Nei giorni scorsi il quotidiano italiano Repubblica, che è pure di $inistra, ha realizzato un servizio sulla criminalità  nella vicina penisola, da cui emergono risultati inquietanti. Inquietanti, ma non certo inaspettati: infatti le rapine in genere sono aumentate in modo importante, da 34mila nel 2010 a 44mila nel 2013. Una crescita ancora più marcata la fanno registrare le rapine nelle abitazioni passate dalle 2016 del 2010 alle 3601 del 2013. Quindi 1600 rapine in casa in più nel giro di tre anni.
E’ chiaro che questa situazione, con la devastante politica delle frontiere spalancate,  è destinata ad avere pesanti ripercussioni anche alle nostre latitudini.
Dalle statistiche della polizia della vicina Penisola risulta pure che la  maggior parte degli arresti, e di gran lunga, vengono effettuati in Lombardia dove nello scorso anno ce ne sono stati 700. Il fatto che ad esempio in Lazio gli arresti siano stati 205 potrebbe indicare un’efficienza diversa delle forze dell’ordine man mano che si scende verso sud: ossia si potrebbe pensare che i laziali in realtà non stiano meglio dei lombardi quanto a rapine, ma che semplicemente si faccia più fatica ad arrestare i delinquenti. Tuttavia ci pensa il dato del Piemonte ad invalidare questa tesi. Lì nel 2013 gli arresti sono stati 309. Questo vuol dire, dunque, che la Lombardia è la regione più tartassata dai rapinatori. Se la Lombardia è tartassata, è evidente che anche il nostro Cantone rientra nel raggio d’azione dei malviventi. I risultati si vedono – e si leggono sulle cronache ticinesi.
Più spregiudicatezza
Nella vicina Penisola, proprio come da noi, si osserva l’incremento delle rapine in casa quando ci sono gli abitanti. La presenza di persone, dunque, non è più un deterrente: «c’è più spregiudicatezza» dichiara, usando un eufemismo, il professore  bolognese interpellato da La Repubblica.
Particolarmente interessante il recente fenomeno del pendolarismo delittuoso tra l’Albania e l’Italia. Si tratta di gruppi di giovanissimi albanesi che prendono i voli low cost per arrivare nel bel paese e razziare per qualche giorno il territorio. Ed è chiaro che, in queste condizioni, i rischi di sconfinamento in Ticino sono molto alti.

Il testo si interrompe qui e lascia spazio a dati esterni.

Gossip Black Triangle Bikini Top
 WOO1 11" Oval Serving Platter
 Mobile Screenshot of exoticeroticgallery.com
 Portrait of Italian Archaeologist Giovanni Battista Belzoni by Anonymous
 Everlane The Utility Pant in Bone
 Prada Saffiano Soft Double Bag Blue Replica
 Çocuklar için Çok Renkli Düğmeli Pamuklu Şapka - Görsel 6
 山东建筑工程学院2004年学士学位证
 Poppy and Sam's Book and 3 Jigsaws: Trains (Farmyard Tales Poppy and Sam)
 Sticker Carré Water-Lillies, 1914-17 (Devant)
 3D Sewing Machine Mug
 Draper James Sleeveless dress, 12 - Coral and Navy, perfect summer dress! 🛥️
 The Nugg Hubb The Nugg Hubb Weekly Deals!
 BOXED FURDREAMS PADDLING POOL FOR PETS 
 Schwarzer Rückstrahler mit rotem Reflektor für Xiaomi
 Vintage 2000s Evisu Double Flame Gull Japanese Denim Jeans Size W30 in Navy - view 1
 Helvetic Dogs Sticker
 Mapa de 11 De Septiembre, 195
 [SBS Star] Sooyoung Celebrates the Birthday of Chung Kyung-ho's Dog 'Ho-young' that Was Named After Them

“Protezione speciale” per le abitazioni
La preoccupante situazione italiana, data la nostra contiguità con la Penisola, interessa giocoforza anche noi. Ed evidenzia ancora una volta la necessità che il cittadino si trovi nella condizione di potersi difendere in caso di necessità.
 Quindi, il potenziamento del diritto all’autodifesa per le aggressioni che avvengono all’interno della propria abitazione, la quale deve beneficiare di una protezione giuridica specifica. Chi vi entra deve sapere che rischia grosso.
Al proposito, nei giorni scorsi è stata resa nota un’interessante statistica USA. Da essa emerge che il 57% dei criminali imprigionati ha più paura ad affrontare un cittadino armato piuttosto che un poliziotto. Negli ultimi 20 anni, inoltre, negli USA in 24 Stati i cittadini hanno ottenuto il diritto di portare armi con sé. Risultato: la percentuale di crimini violenti è scesa del 49%.
Alla faccia, dunque, dei politikamente korretti che vogliono i cittadini disarmati davanti alla delinquenza d’importazione sempre più priva di scrupoli alla quale hanno (i politikamente  korretti) spalancato le frontiere.
Il potenziamento del diritto all’autodifesa e la dotazione dei cittadini dei mezzi (e dell’istruzione) necessari ad esercitarlo è dunque la direzione da intraprendere, come abbiamo avuto più volte modo di ripetere da queste colonne: la polizia, a seguito della devastante libera circolazione delle persone (grazie alla quale, ancora prima dei lavoratori a basso costo, arrivano i delinquenti stranieri) da sola non è più in grado di provvedere. Garantire la sicurezza, dunque, non può più essere considerata un affare solo delle forze dell’ordine. Anche il cittadino deve portare il proprio contributo attivo.